It is well established that the Higher Education environment is overwhelmingly diverse in its student body and so is my experience in supporting their learning across two universities (Birkbeck and University of East London) and two main campuses. My main teaching takes place in Stratford Campus while a small part of my time is spent on the central campus in Bloomsbury. I support students from both universities but booked sessions (groups and one-to-ones) are aimed to Birkbeck students. Since I am not focused on a single discipline, I meet students from across all disciplines and levels of study.
The literature I have come across so far underlines the importance of knowing our students and links this element to the success of the teaching, “effective learning” and design of learning activities. This becomes one of my main considerations, as I don’t get the chance to know my students but only in rare occasions. This makes me alert to respond to a variety of eventualities and also be very well prepared.
I often say that I respect my learners, each one of them, and I also admire them for their efforts to balance a complex life with studies. Do my sessions reflect this respect?

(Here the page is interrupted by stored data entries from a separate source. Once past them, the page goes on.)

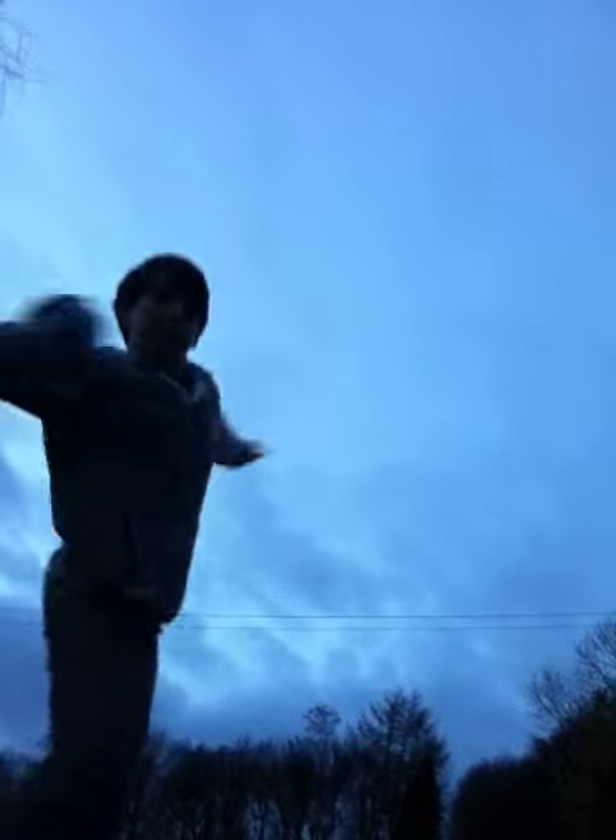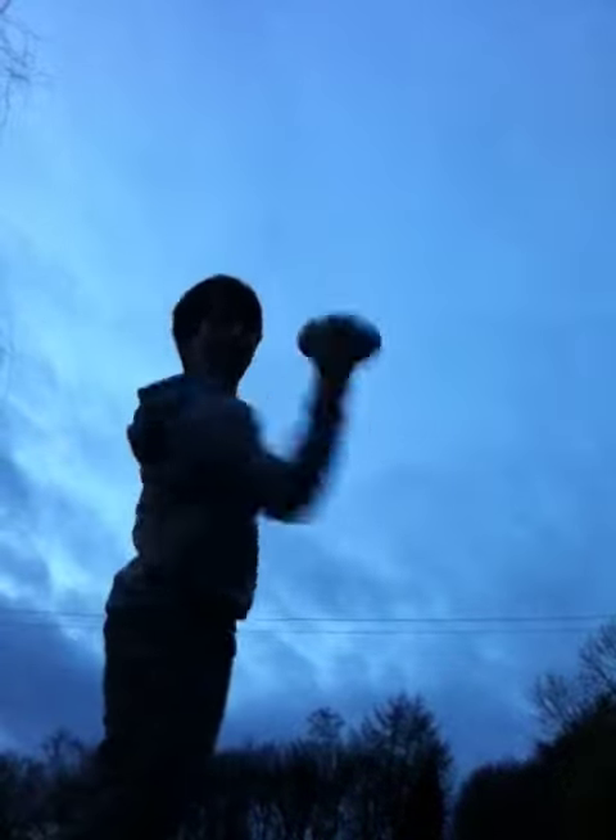You can throw it over your head like that, or you can throw it a flicking way, however way you want, depending on which you prefer and which will go farther. I do it like that personally, but I sometimes throw it like that because it's a bit more accurate.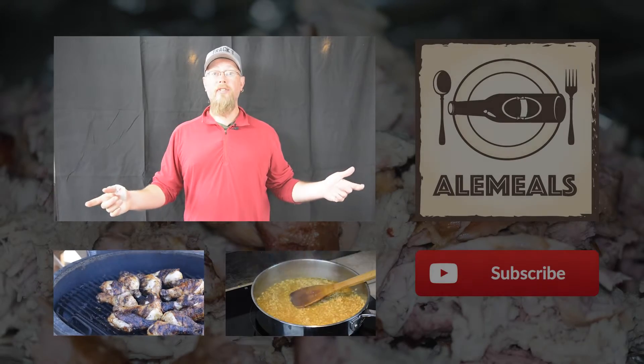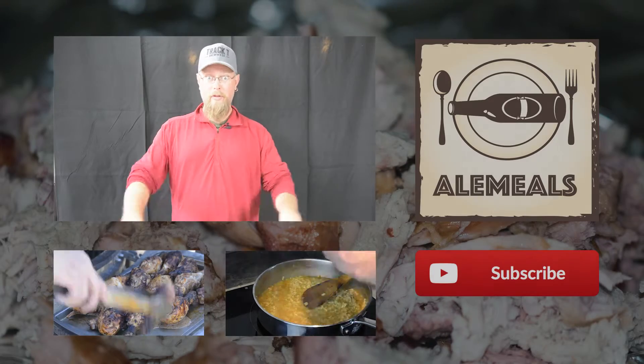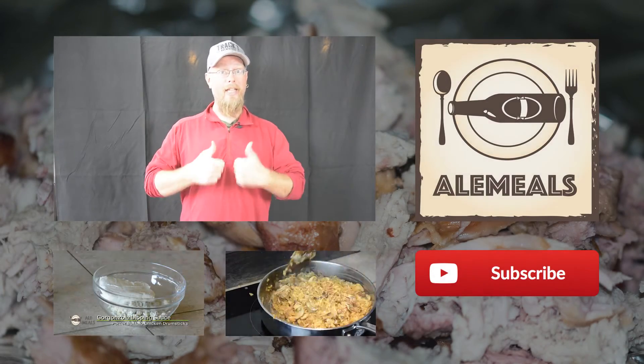Do you like this video? I like these videos. I'm doing new videos all the time, so you can get to Ale Meals right here, or new videos right down here, or subscribe right there. Thanks a lot guys.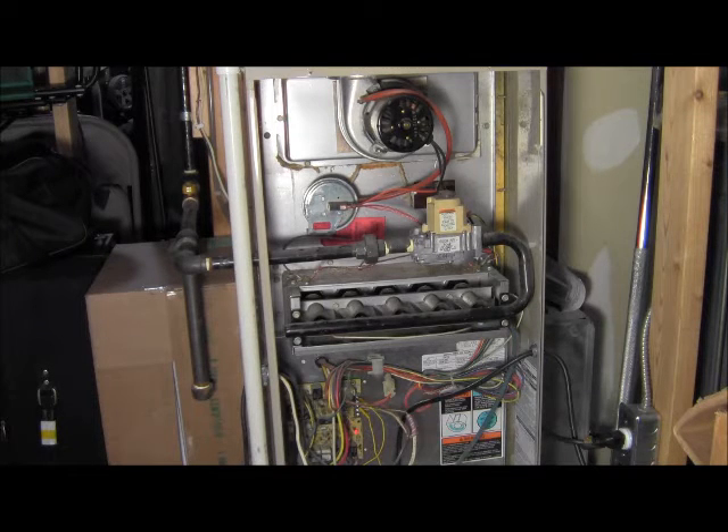You'll also notice that the LED light is flashing faster now that it's in a call for heat. There's a spark. We're off now — our blower motor has still not started yet. Like I said, it will heat up and then it will turn on the blower motor. There's a spark. And now our blower motor has just started, so we are fully operational — everything has started and is running.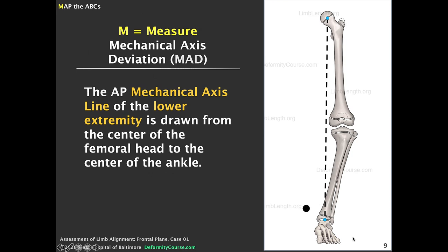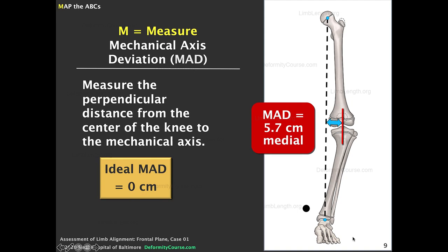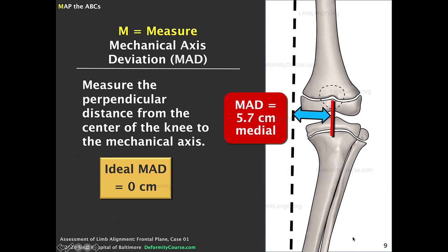We start by drawing a mechanical axis line, which is defined as a line from the center of one joint to the center of another. Here we're drawing the mechanical axis of the entire limb from the hip to the ankle. We then measure the perpendicular distance from the center of the knee to the mechanical axis line — in this case it measures 5.7 centimeters, which is way off. It should be zero, passing right through the center of the knee.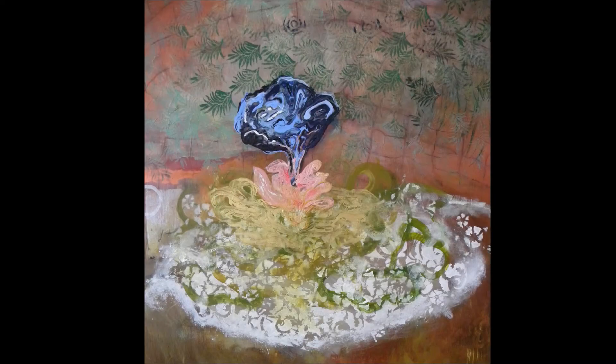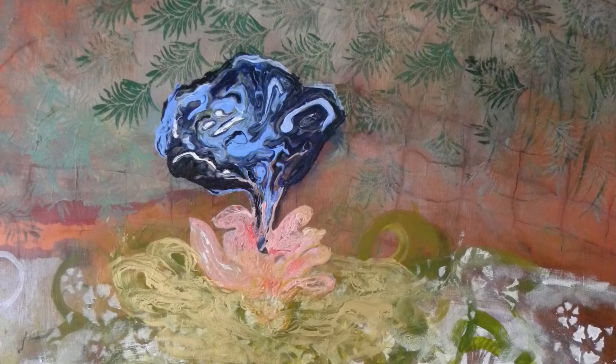Today we're looking at a painting by Donna Maria Bruton called Our Lily. You can see that it has lots of texture and gold and overlay of collage in it, and it's very haunting and surreal.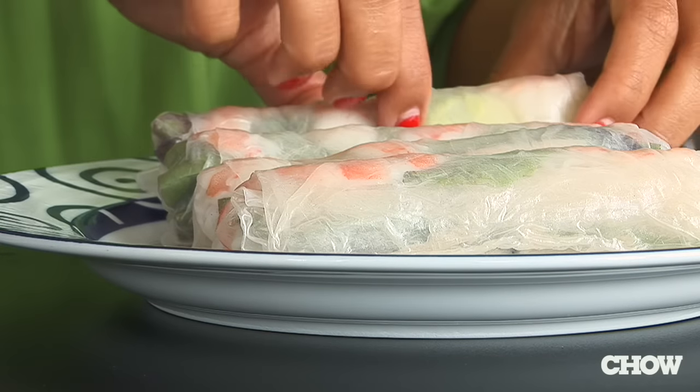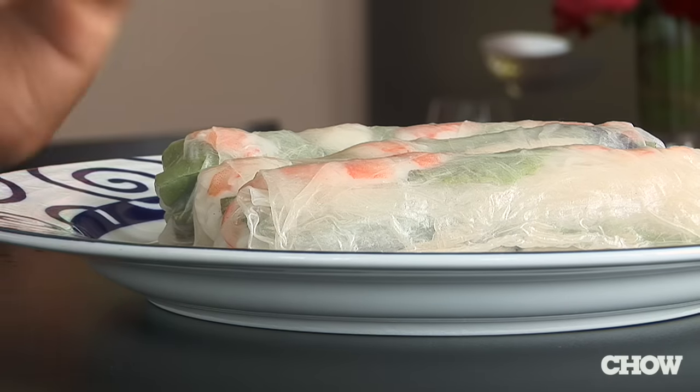Spring rolls are great for a party, whether you're having them at home or bringing them to a party at someone else's house. But you want to make sure that you store them properly so that they don't dry out before you serve them.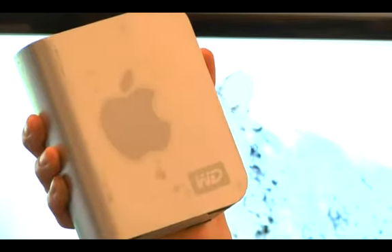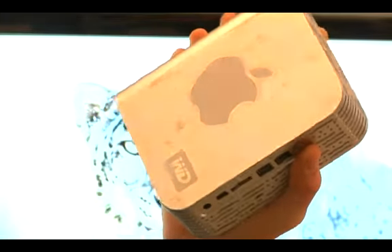One of the easiest ways to expand your computer's storage capacity and add another hard drive is to add an external hard drive. At the moment, you can get an external hard drive for about $100, which'll buy you a terabyte. That's pretty cheap storage space.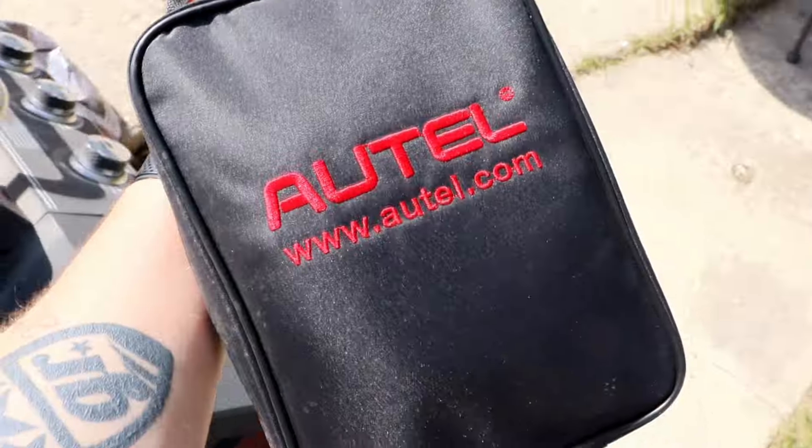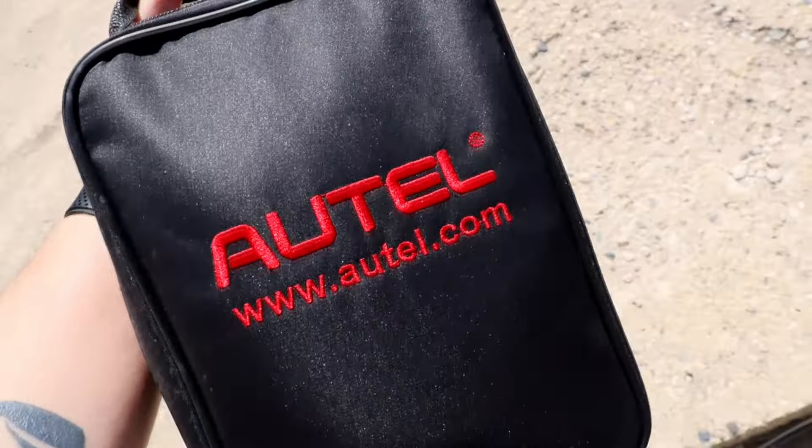Well, shit. Alright, guess we'll have to break out the Autel and check that out. This was a hell of an investment — I think I paid like $140 for it. And it actually works on this car, so it's pretty damn impressive in my opinion.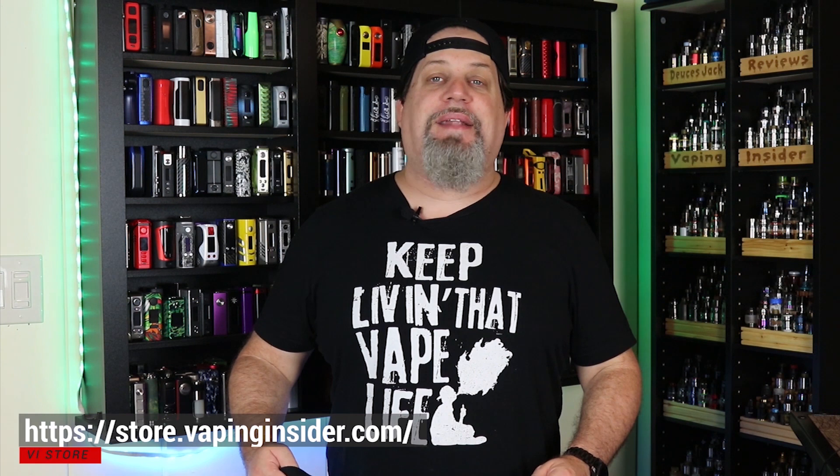Thanks for watching the video, insiders — definitely appreciate it. Remember, we're not a monetized channel, so we'd appreciate it if you check out our new merch store. You can get my tagline on a shirt like you see me wearing, or on a hoodie as well. We have some other great designs — like the Vape King shirt, and one of my personal favorites: Vape so hard the FDA want to find me. Go over to our new store and check it out. That's it insiders — you keep living that vape life. We're out.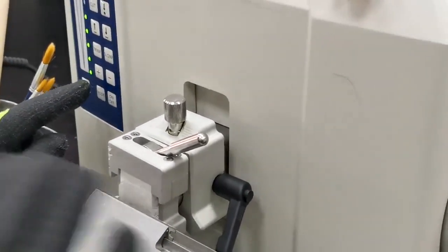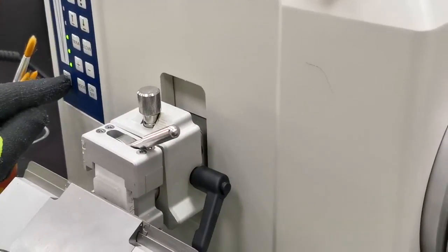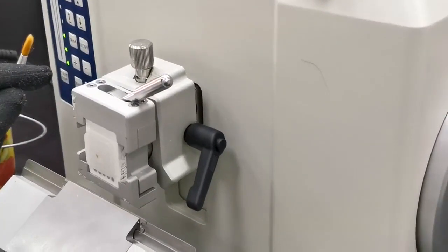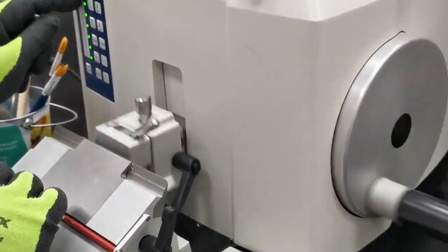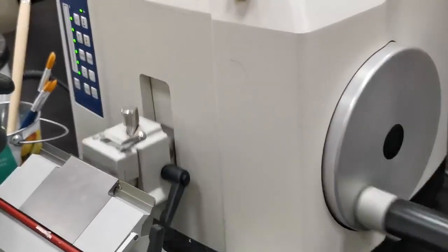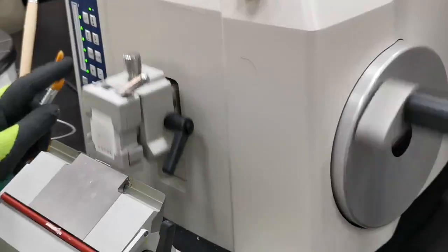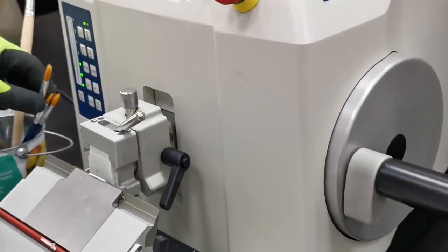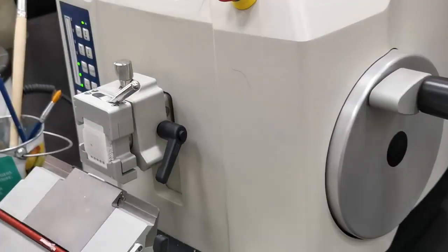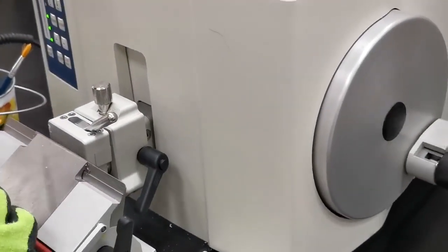Start in slow mode, then increase the speed until it reaches the surface of the block. Once it reaches the surface, slow it down and observe whether you are cutting from the full surface or only from one side of the block.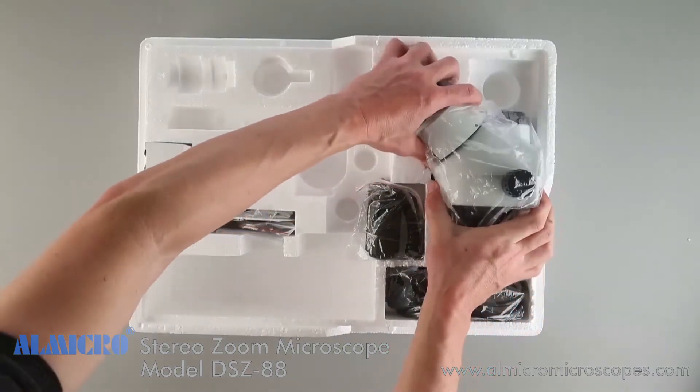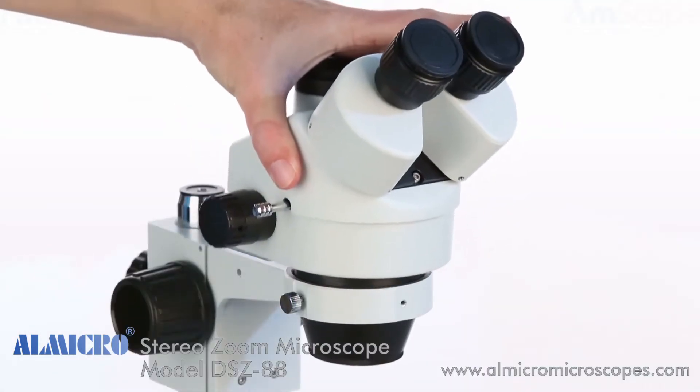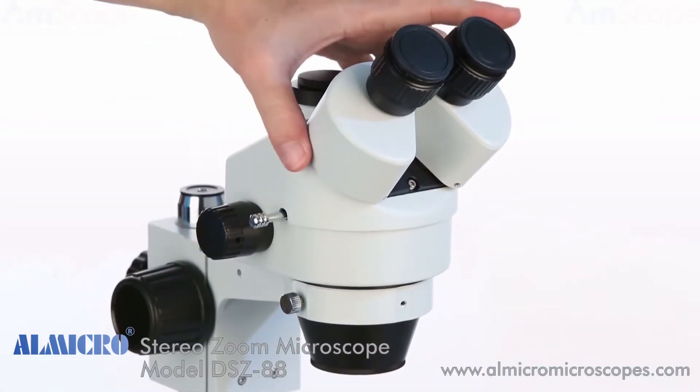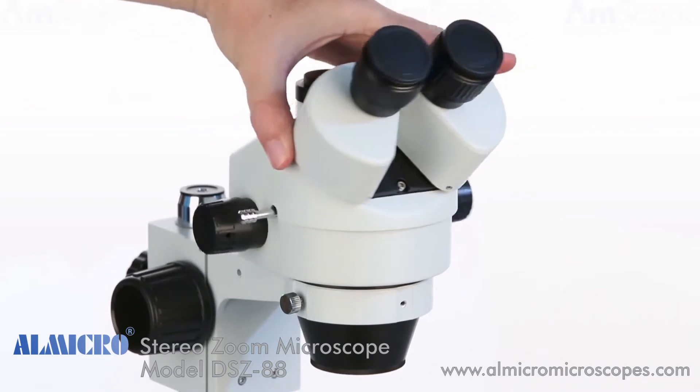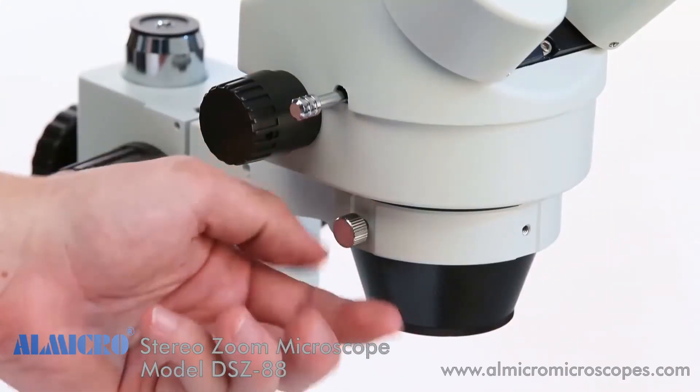Now let's install the head. Simply slip the head into the collar on the focusing rack. The head can be rotated to suit your working conditions. Once in position, secure it by turning the collar's locking screw.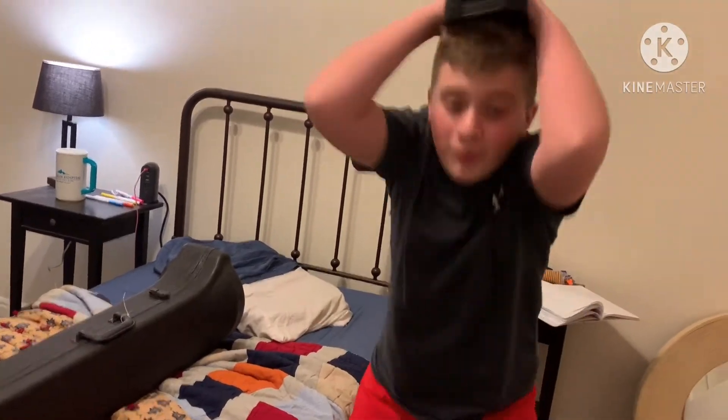Welcome to my TED talk. What's up guys? We got a new trombone and it's an unboxing video.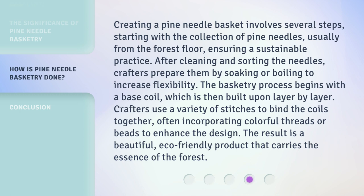Crafters use a variety of stitches to bind the coils together, often incorporating colorful threads or beads to enhance the design. The result is a beautiful, eco-friendly product that carries the essence of the forest.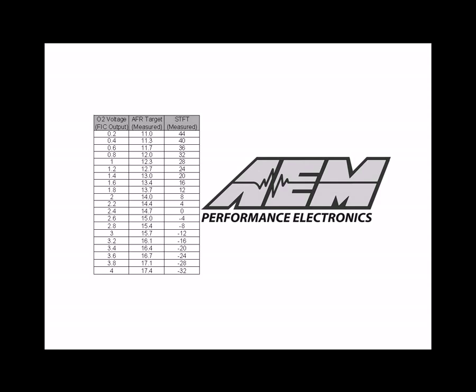In this graphic, you can see the list of voltages, air-fuel ratios, and short-term fuel trims we found through our testing. We started with 0.2 volts and worked our way up to 4 volts using 0.2 volt increments. We now have a wide range of usable air-fuel ratios and know the fuel trims needed to achieve them, which will be used later in this procedure.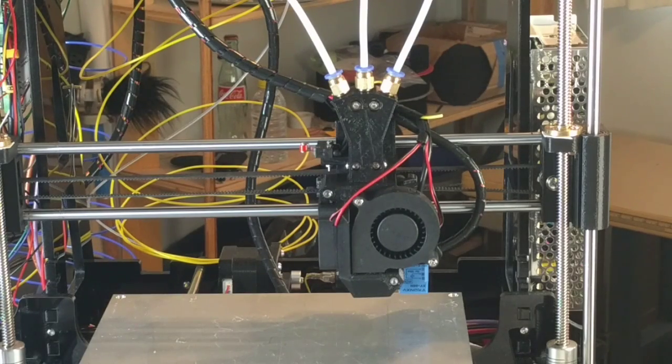This turned out pretty good. A RAMPS 1.4 setup can be purchased for under $30, plus another $20, so $50 total — still under $200 — and you can have a three-color 3D printer if you're technical enough to do it. That was the goal with the whole carriage.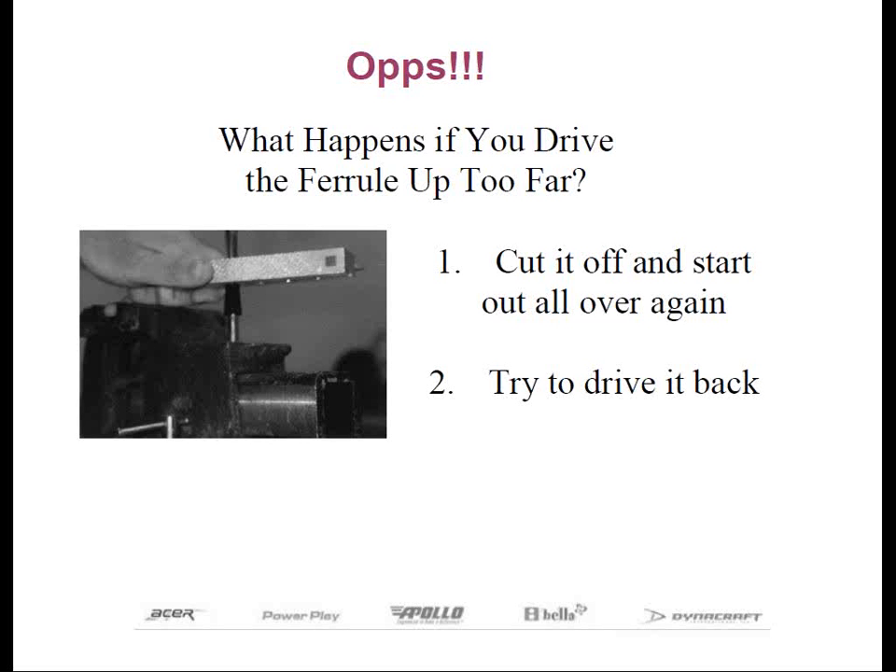There are two other options you can use. In one case, you'll have to remove the current ferrule and install a new one, or you may be able to pull the current one down into place. To do this, you can use the vinyl shaft clamp — the clamp that you use for gripping — put it in a vise, then pull on the butt end of the shaft, and hopefully you can pull it into the proper position. A probably better tool is an aluminum shaft clamp, which can be positioned above the ferrule and lightly tapped with a rubber mallet in hopes of lowering the ferrule.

Each time I create a new presentation, I question myself whether a student with certain disabilities will be able to equally benefit from the material as will the students next to them who do not have any physical or learning difficulties and therefore I choose fonts and graphics that will help these students make the best of it.
I also wonder, what if some learners are quicker to follow and learn than others? Having discussed that with my line manager she gave me a great idea; if I have many activities handy to “feed” the quick learners, they will have more opportunities to practice, feel a sense of achievement and mainly not feel bored, while other students struggle to respond to the first activity. Having practiced that, I realised that quick learners found this exercise challenging and asked for more and more complex activities.
Nevertheless, this poses a new question; do my sessions foster different learning styles, and if yes, could the Learning objects I create foster different learning styles in an online environment I cannot control?